World on FireEnvironmental Racism and COVID-19 Are a Deadly Combination

A woman crosses the street in a polluted area

A woman crosses the street against the vapor from a steam pipe in lower Manhattan as the city continues Phase 3 of reopening following restrictions imposed to curb the coronavirus pandemic on July 19, 2020 in New York City. (Photo credit: John Lamparski/Getty Images)

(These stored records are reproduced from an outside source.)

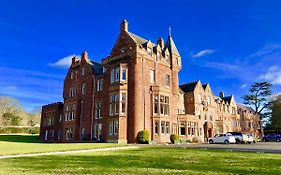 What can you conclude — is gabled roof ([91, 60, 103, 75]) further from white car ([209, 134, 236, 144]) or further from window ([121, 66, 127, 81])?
white car ([209, 134, 236, 144])

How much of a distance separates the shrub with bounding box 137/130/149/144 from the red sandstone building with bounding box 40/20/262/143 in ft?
3.06

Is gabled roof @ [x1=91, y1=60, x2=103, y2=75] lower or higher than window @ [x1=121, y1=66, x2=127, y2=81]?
higher

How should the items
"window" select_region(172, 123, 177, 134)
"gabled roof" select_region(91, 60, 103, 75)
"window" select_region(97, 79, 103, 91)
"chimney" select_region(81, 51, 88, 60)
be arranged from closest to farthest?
"window" select_region(172, 123, 177, 134) < "window" select_region(97, 79, 103, 91) < "gabled roof" select_region(91, 60, 103, 75) < "chimney" select_region(81, 51, 88, 60)

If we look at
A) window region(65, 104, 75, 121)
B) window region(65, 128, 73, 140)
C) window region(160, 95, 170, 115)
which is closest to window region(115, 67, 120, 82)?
window region(160, 95, 170, 115)

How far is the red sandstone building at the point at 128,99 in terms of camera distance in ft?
130

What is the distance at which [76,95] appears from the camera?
164ft

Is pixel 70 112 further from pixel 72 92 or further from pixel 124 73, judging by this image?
pixel 124 73

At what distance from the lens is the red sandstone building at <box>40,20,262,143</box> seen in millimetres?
39688

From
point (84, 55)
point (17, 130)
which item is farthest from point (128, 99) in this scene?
point (17, 130)

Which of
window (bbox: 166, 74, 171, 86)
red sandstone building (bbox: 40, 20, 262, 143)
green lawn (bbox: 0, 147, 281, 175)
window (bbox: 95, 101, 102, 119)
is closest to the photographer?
green lawn (bbox: 0, 147, 281, 175)

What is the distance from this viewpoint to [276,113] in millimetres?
80438

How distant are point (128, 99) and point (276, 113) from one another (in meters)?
58.4

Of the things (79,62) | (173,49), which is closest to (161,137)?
(173,49)

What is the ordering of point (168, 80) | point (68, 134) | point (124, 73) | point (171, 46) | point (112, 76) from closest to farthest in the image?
1. point (124, 73)
2. point (112, 76)
3. point (168, 80)
4. point (171, 46)
5. point (68, 134) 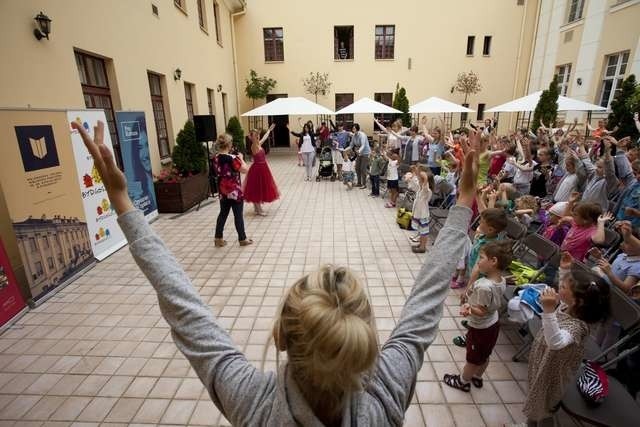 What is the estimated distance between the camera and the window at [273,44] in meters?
18.0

Remember when COVID-19 was called the “great equalizer” and researchers suggested the virus was indiscriminate? Months into the pandemic, we have learned this is absolutely not the case: Black and Hispanic communities have been disproportionately affected by the novel coronavirus through the deadly combination of medical racism and the tragedy of capitalism. These days, “disposable” and “essential” are practically interchangeable. Essential workers—like delivery people, grocery-store workers, and restaurant employees—are being thrown to the wolves. There are no concrete, universal guidelines on how to keep employees safe, and even then, there’s no guarantee that non-mask wearers will not endanger the health and safety of employees. Not to mention, essential workers tend to be Black and/or Hispanic, which adds another layer of risk. But it’s the sleeper-agent nature of environmental racism, and its ability to make the impact of COVID-19 even more dangerous, that’s particularly insidious.

It’s no coincidence that these same communities have also been pushed to live in spaces that have been heavily impacted by environmental racism. Decades ago, Black communities were segregated to heavily polluted industrial areas near factories, plants, and dumps in a now-illegal practice called redlining. The hazards, which can range from poor water quality to increased exposure to pollution, still linger today. For instance, Black and Latinx people disproportionately suffer from lower air quality, despite producing fewer air pollutants than wealthy, white people. The result is that Black and Latinx folks have higher rates of respiratory illnesses, such as asthma. Now, due to these illnesses, as COVID-19 rates climb in the United States, these groups are the ones acutely vulnerable to the coronavirus. And air pollution, along with medical racism, is to blame.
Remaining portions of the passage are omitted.